Siliang Zhang (slzhang at ecnu dot edu dot cn)
Spring 2024 (Graduate)
Spring 2023 (Graduate)
Spring 2022 (Graduate)
Convex Optimization by S. Boyd and L. Vandenberghe, Cambridge University Press, 2004
Introductory Lectures on Convex Optimization: a basic course by Yurii Nesterov, Springer Science & Business Media, 2003.
Numerical Optimization by Jorge Nocedal and Stephen J. Wright, Springer, 2006.
Computational Statistics by Givens and Hoeting, John Wiley & Sons, 2012.
Matrix Algebra Useful for Statistics by Searle and Khuri.
Disciplined Convex Programming and CVX by S. Boyd.
CVXPY Online Document for package installation, tutorial, and examples.
Proximal Algorithms by Parikh and Boyd, Foundations and Trends in optimization, 2014.
Optimization Theory and Methods: Nonlinear Programming by Sun and Yuan, Springer Science & Business Media, 2006.
Optimization Methods for Large-Scale Machine Learning by Bottou at el.
近些年来,机器学习与计算统计学发展迅速,几乎其中的每个问题都可被转化成特定约束下某些函数的优化问题。但不是所有的机器学习问题都可被很好的解决,这意味着没有一般性的方法解决优化问题。然而,很多我们感兴趣的问题可被看作具有独特性质的优化问题,这些特性包含凸性、光滑、稀疏、可分性等,这些特性使得标准化的高效求解成为可能。
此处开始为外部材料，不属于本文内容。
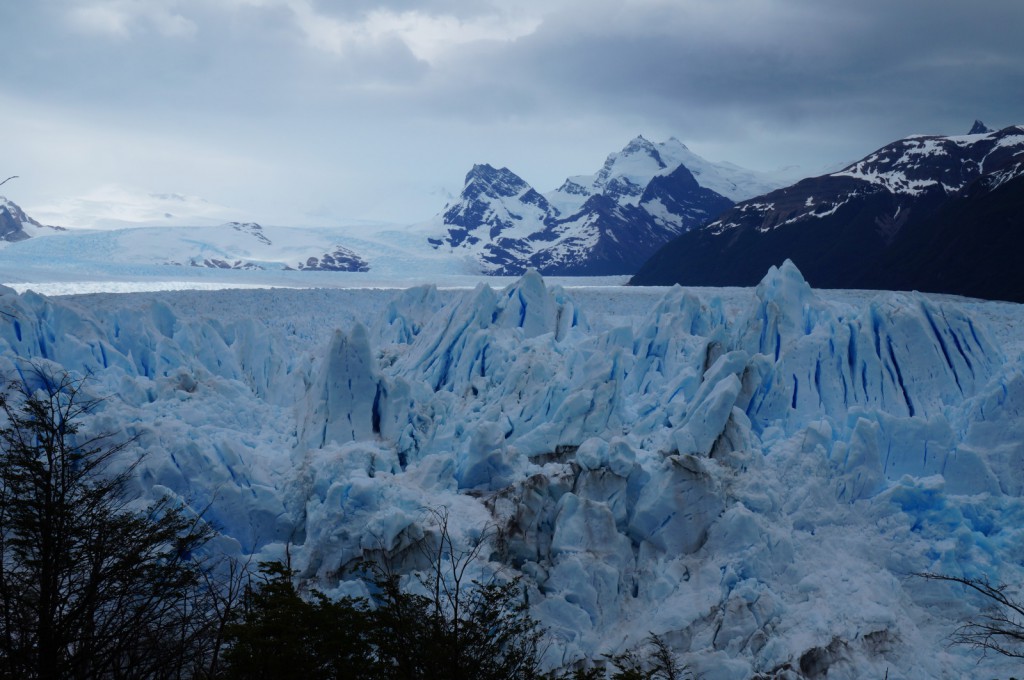 Glaciar Perito Moreno Moneurovelo Eu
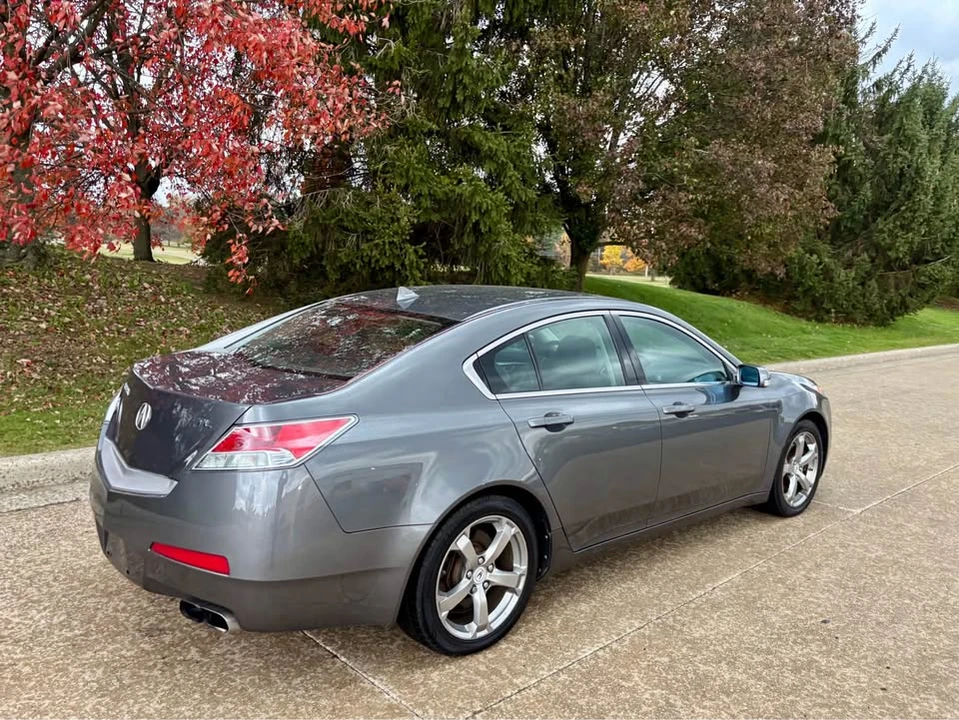 2010 Acura TL 4th Gen - Image 7 of 14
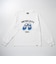 126K1022300　U MCMLXVI Authentic L TEE　OFF WHITE　715654-0001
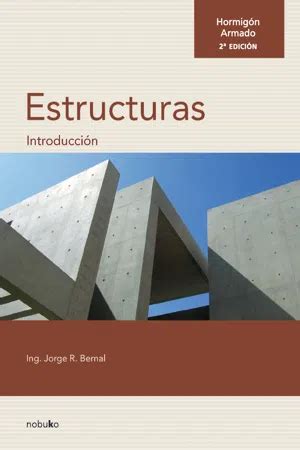 Pdf Estructuras Hormig N Armado De Jorge Bernal Libro Electr Nico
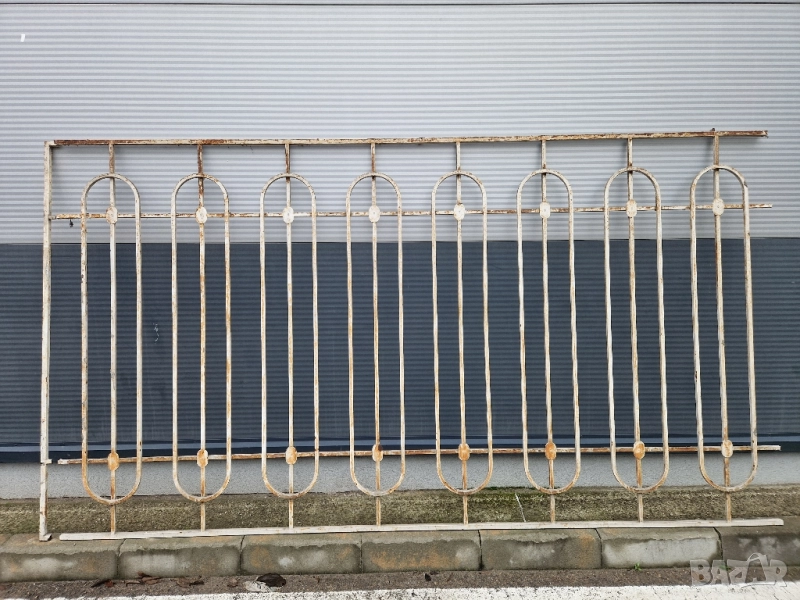 Метална решетка 315/170, снимка 1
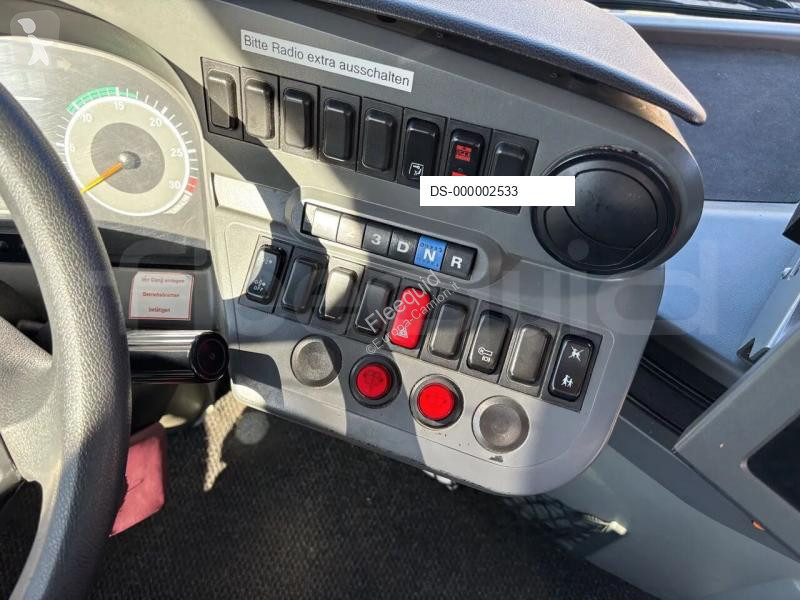 Autobús Mercedes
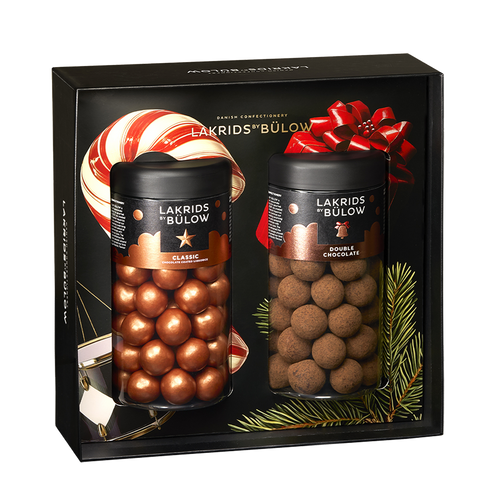 WINTER BOX - CLASSIC & CHOCOLATE WINTER BOX - CLASSIC & CHOCOLATE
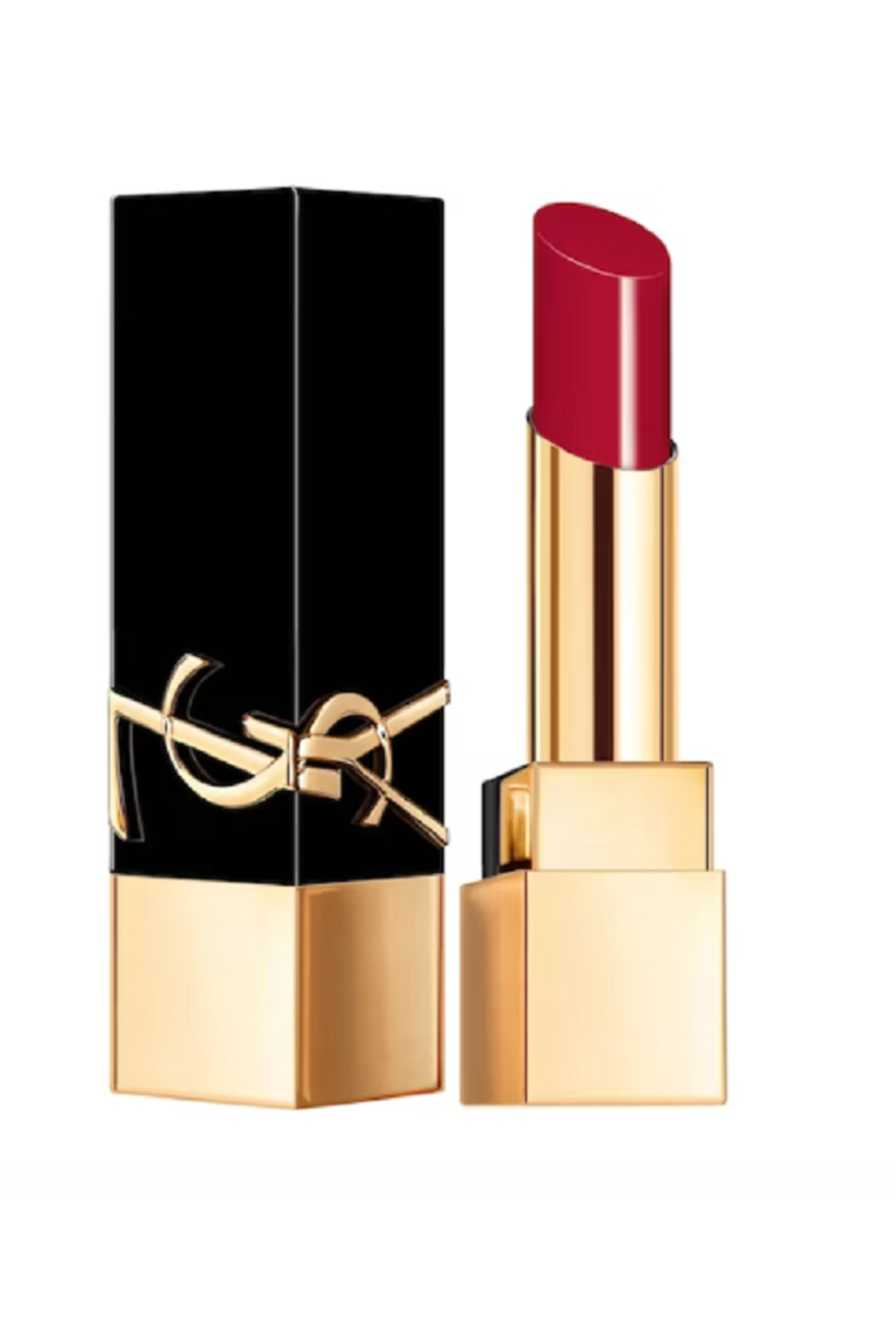 Rouge Pur Couture The Bold - Three-Dimensional Shimmering Lipstick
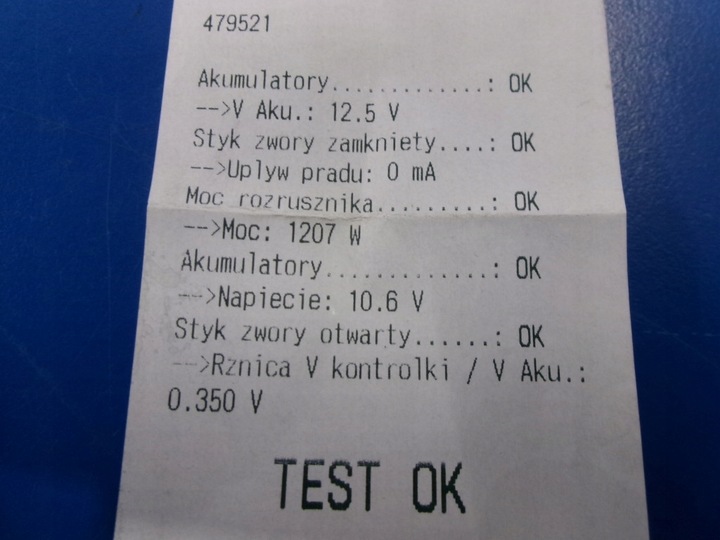 фото №5, Daewoo nexia 08-16 1.5 8v a15sms стартер протестированный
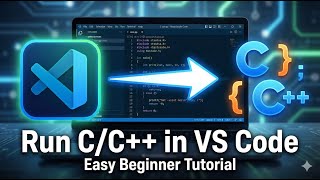 How To Run C/C++  In Vs Code || Easy Tutorial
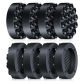 Black 8 Pack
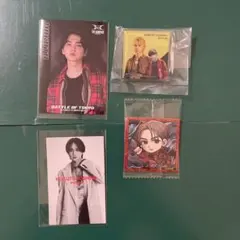 吉野北人まとめ売り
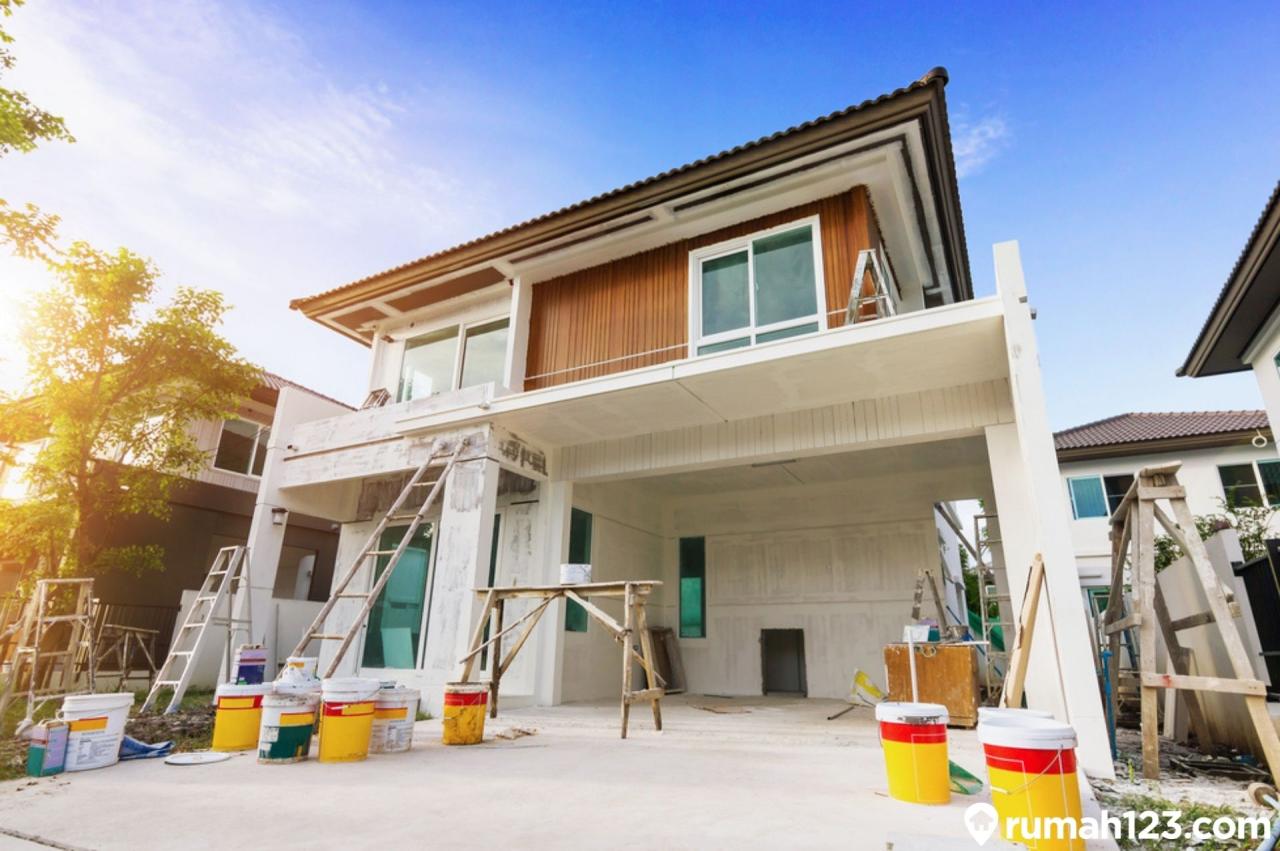 Tips Merenovasi Rumah Dengan Biaya Rendah
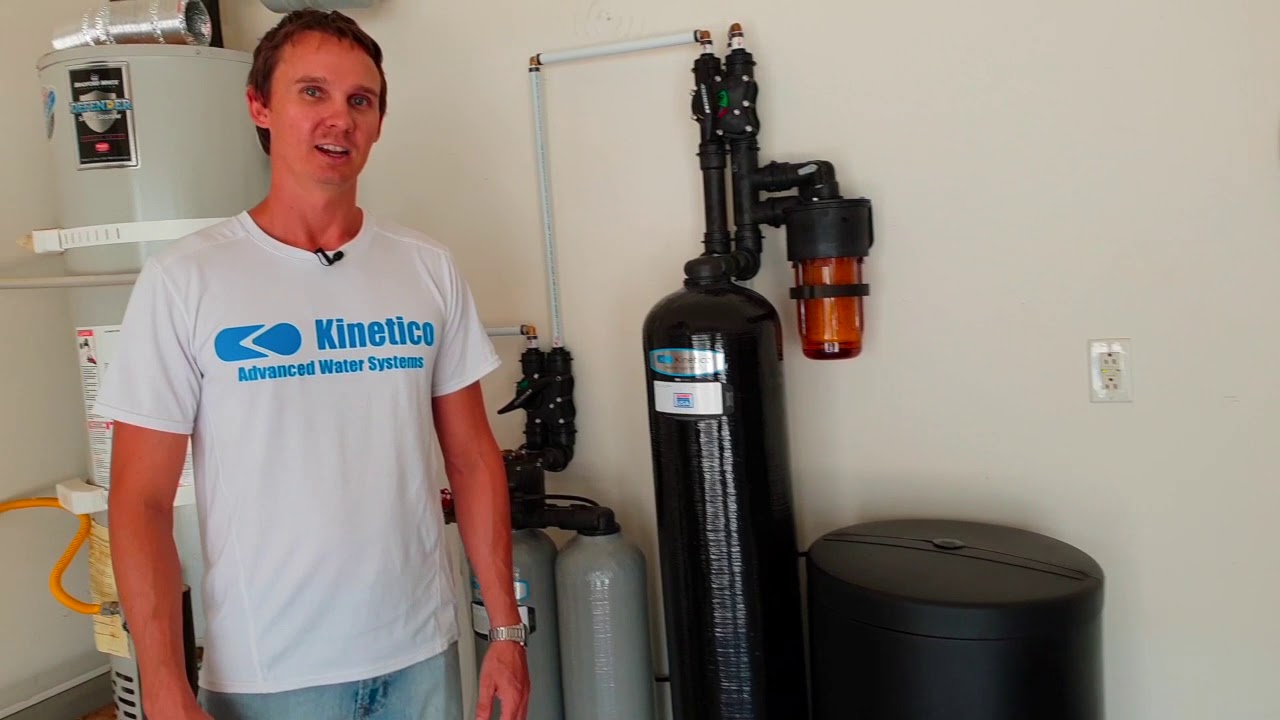 Kinetico Water Softener Reviews Filtersmart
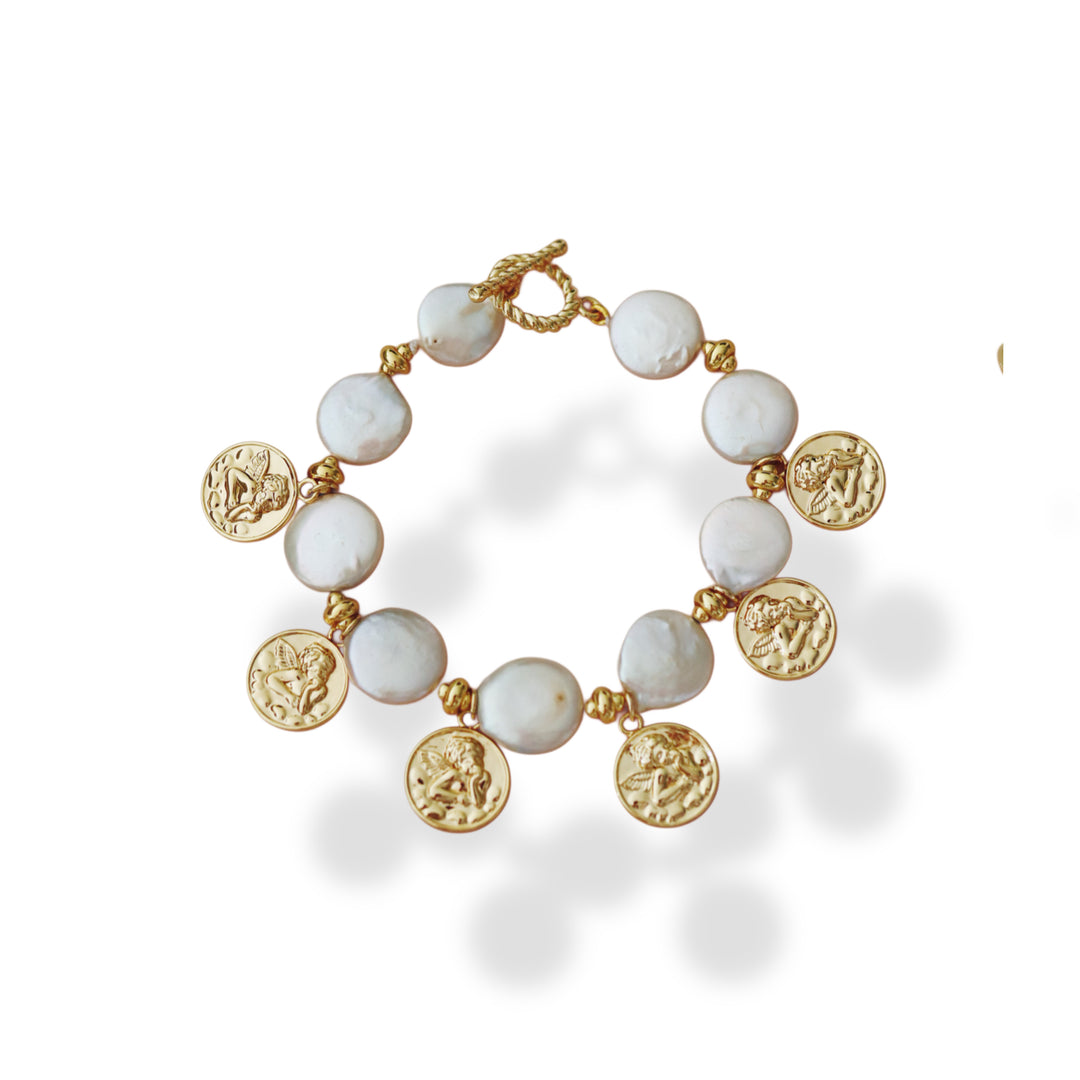 Ocean Angel Bracelet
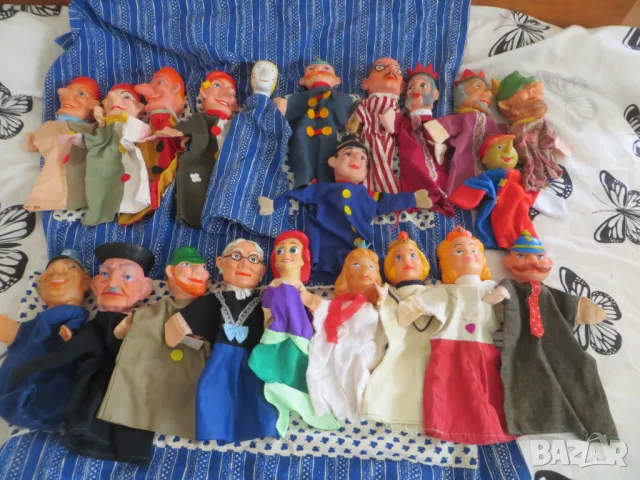 Кукли за театър, снимка 2 - Други - 42804608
本课程旨在提供研究生阶段优化问题的背景知识,包括基本特性和这些特性在优化中所起作用。更广泛地,学生将学习利用这些特性的经典优化算法。课程将重点讨论凸优化问题(根据课程进度也会涉及少部分非凸优化内容)。本课程的教学中将重新审视机器学习和统计学中很多重要的应用问题。基于本课程的学习,学生将能够从整体的理解优化问题,并将其思想与技巧应用到机器学习或统计为背景的具体问题中。本课程面向统计、金融、工程、心理测量等研究生。
In recent years, machine learning and computational statistics have developed rapidly, and almost every problem in it can be formulated as an optimization problem of some functions under certain constraints. Obviously, not all machine learning problems can be solved well, which means that we cannot solve the corresponding optimization problems in general. However, many interesting problems in statistics and machine learning can be viewed as optimization problems with unique properties, such as convexity, smoothness, sparsity, separability, etc. It is these properties that permitting standardized and efficient solutions.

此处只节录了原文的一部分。